» TASK OBJECTIVE
What you write must be the listing below in full, word for word, minus its pictures.

SOURCE DATA below:

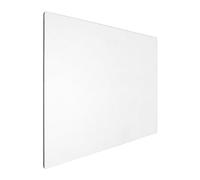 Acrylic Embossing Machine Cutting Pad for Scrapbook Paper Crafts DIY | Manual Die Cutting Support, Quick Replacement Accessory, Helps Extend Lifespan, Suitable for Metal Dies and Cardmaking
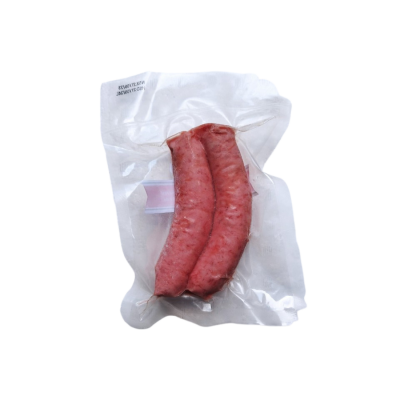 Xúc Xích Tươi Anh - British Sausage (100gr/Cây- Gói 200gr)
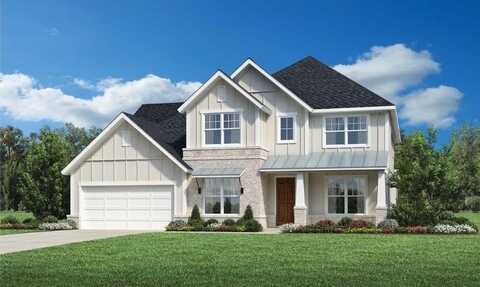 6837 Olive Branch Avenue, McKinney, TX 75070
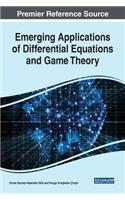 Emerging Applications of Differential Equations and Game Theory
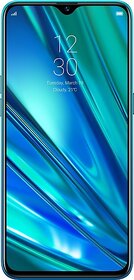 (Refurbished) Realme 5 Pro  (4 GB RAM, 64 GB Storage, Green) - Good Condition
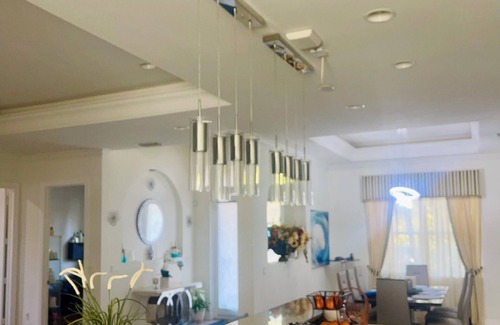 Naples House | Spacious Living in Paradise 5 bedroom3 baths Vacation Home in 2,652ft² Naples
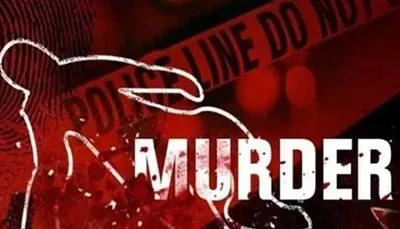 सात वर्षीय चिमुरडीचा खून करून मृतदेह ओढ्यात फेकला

End of SOURCE DATA.

» TASK ANSWER
 Acrylic Embossing Machine Cutting Pad for Scrapbook Paper Crafts DIY | Manual Die Cutting Support, Quick Replacement Accessory, Helps Extend Lifespan, Suitable for Metal Dies and Cardmaking
 Xúc Xích Tươi Anh - British Sausage (100gr/Cây- Gói 200gr)
 6837 Olive Branch Avenue, McKinney, TX 75070
 Emerging Applications of Differential Equations and Game Theory
 (Refurbished) Realme 5 Pro  (4 GB RAM, 64 GB Storage, Green) - Good Condition
 Naples House | Spacious Living in Paradise 5 bedroom3 baths Vacation Home in 2,652ft² Naples
 सात वर्षीय चिमुरडीचा खून करून मृतदेह ओढ्यात फेकला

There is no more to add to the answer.